■ **WHAT TO WORK ON**
From the data below, retype exactly the lines starting with the one that contains "Johnny Figo Murphy, 9" and ending with the one that contains "穿着毛皮大衣的时髦粉丝式女人拿着白花图片", both included.
*** PROVIDED ENTRIES Section Begins ***
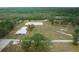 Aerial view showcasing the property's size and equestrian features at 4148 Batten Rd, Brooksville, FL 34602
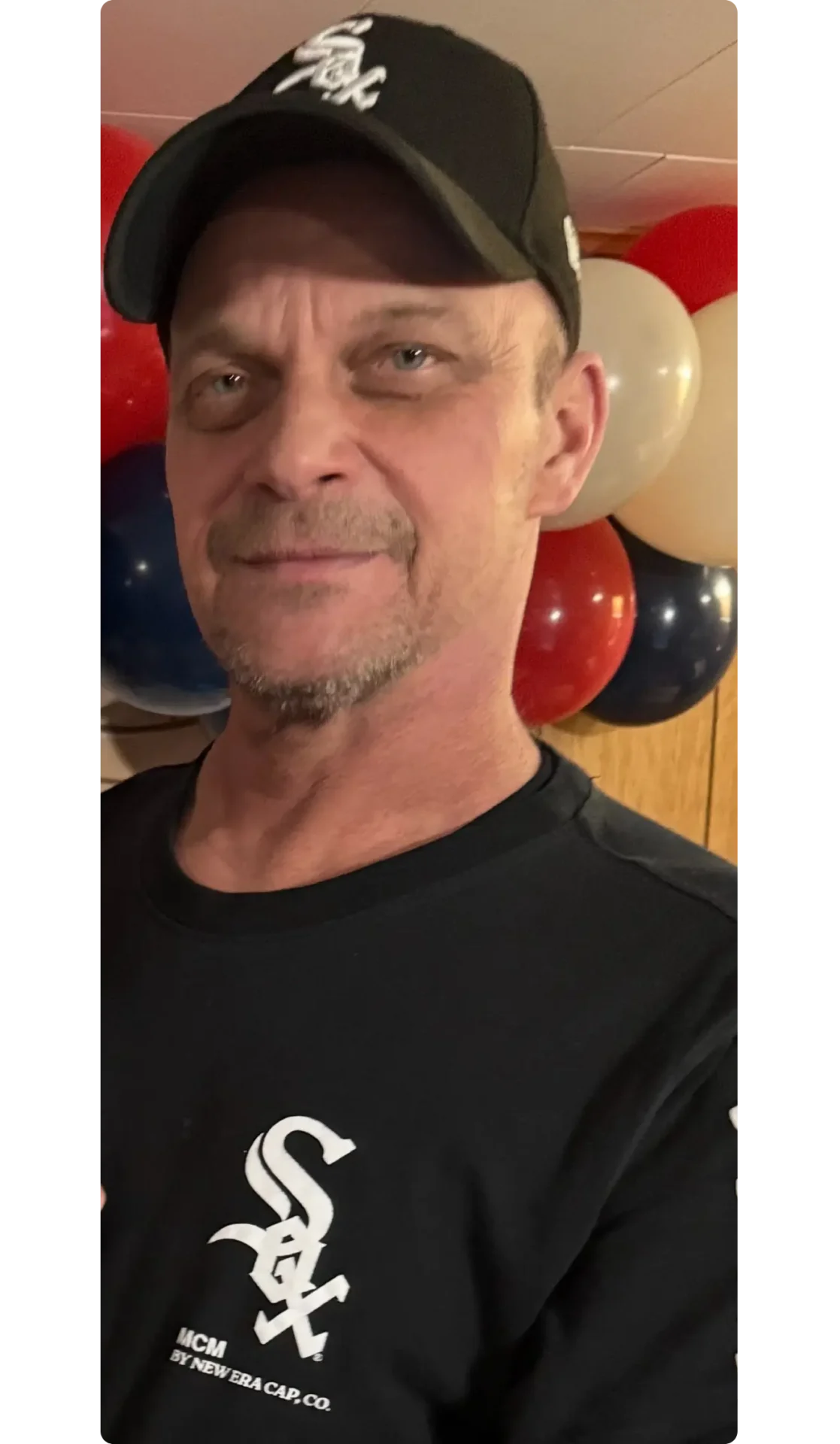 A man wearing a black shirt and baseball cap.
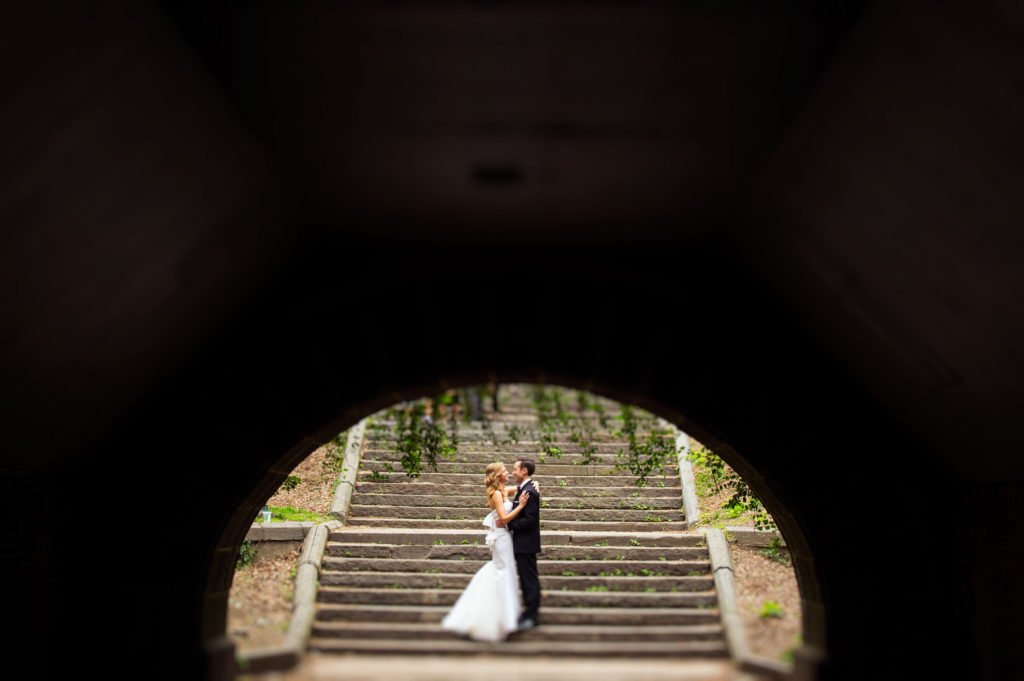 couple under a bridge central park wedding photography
*** PROVIDED ENTRIES Section Ends ***
*** PROVIDED ENTRIES Section Begins ***
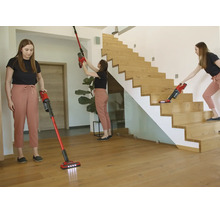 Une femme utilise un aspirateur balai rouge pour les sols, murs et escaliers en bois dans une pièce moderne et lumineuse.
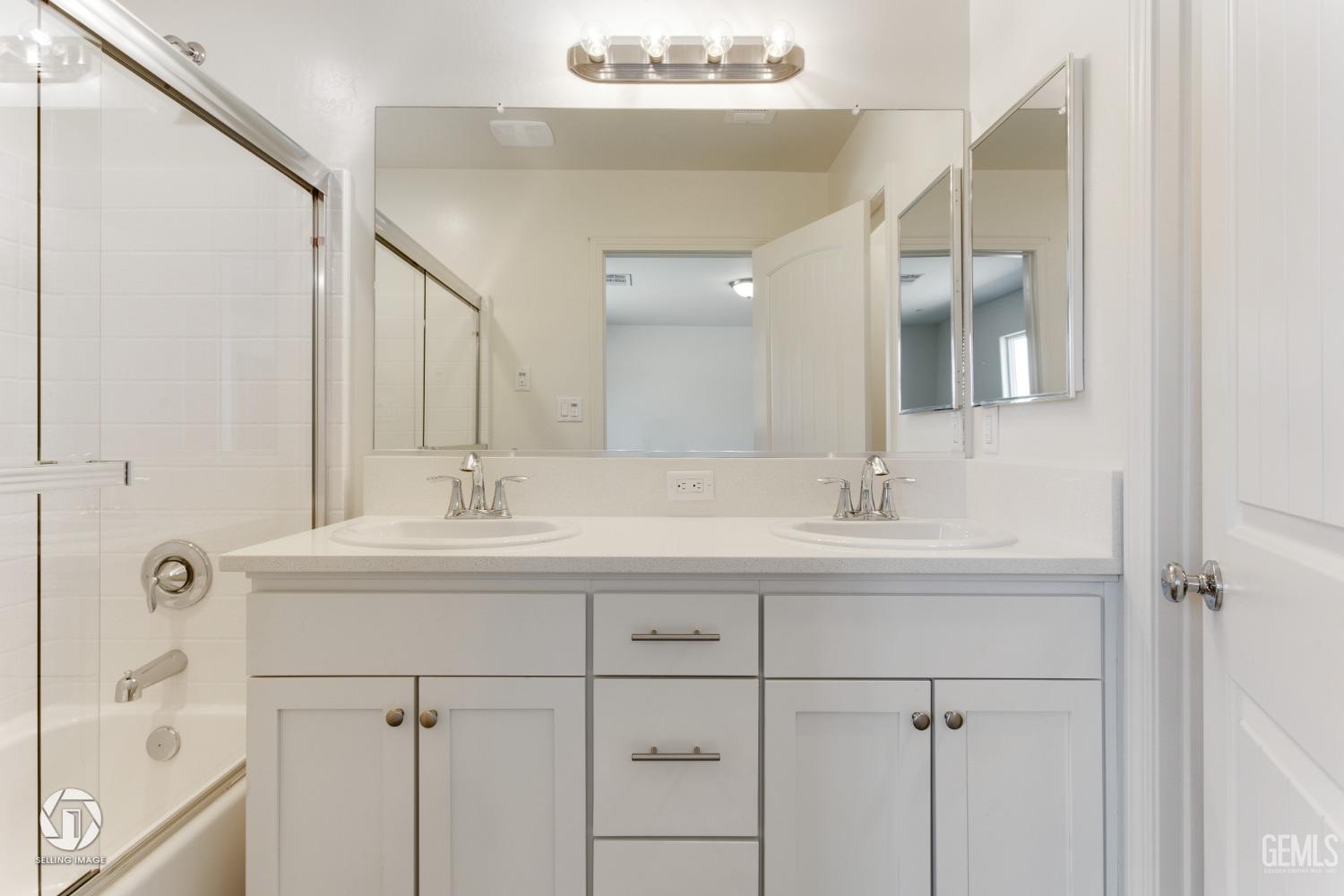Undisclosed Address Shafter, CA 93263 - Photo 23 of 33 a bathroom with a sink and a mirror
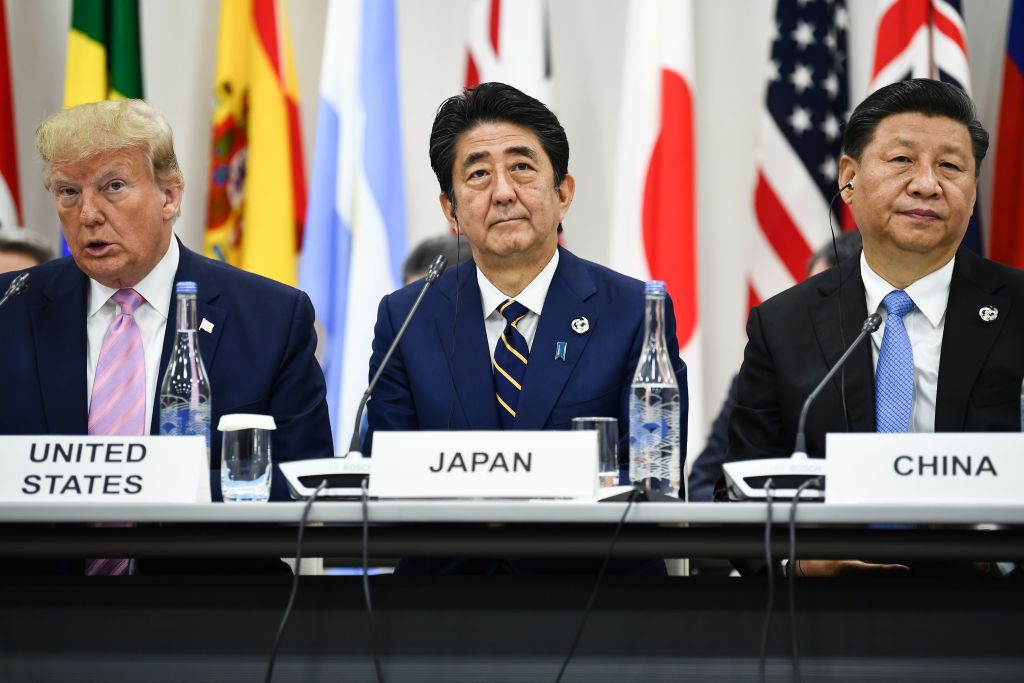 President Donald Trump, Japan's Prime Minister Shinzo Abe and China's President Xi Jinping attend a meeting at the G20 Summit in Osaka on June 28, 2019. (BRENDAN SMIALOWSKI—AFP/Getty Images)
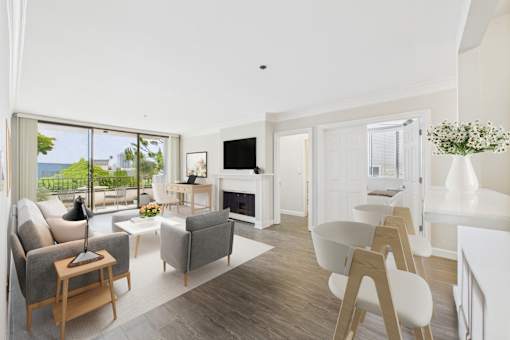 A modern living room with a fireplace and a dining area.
*** PROVIDED ENTRIES Section Ends ***
*** PROVIDED ENTRIES Section Begins ***
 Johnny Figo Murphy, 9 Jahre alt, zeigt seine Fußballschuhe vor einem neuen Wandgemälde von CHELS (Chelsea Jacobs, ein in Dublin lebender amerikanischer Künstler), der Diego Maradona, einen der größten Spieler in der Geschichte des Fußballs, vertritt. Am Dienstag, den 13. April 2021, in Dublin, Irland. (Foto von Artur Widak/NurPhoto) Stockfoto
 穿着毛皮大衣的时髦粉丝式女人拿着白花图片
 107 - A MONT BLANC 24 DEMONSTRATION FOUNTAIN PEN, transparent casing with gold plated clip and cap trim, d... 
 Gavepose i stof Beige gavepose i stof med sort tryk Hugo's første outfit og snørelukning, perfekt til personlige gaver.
*** PROVIDED ENTRIES Section Ends ***
■ **RESPONSE TO THE TASK**
 Johnny Figo Murphy, 9 Jahre alt, zeigt seine Fußballschuhe vor einem neuen Wandgemälde von CHELS (Chelsea Jacobs, ein in Dublin lebender amerikanischer Künstler), der Diego Maradona, einen der größten Spieler in der Geschichte des Fußballs, vertritt. Am Dienstag, den 13. April 2021, in Dublin, Irland. (Foto von Artur Widak/NurPhoto) Stockfoto
 穿着毛皮大衣的时髦粉丝式女人拿着白花图片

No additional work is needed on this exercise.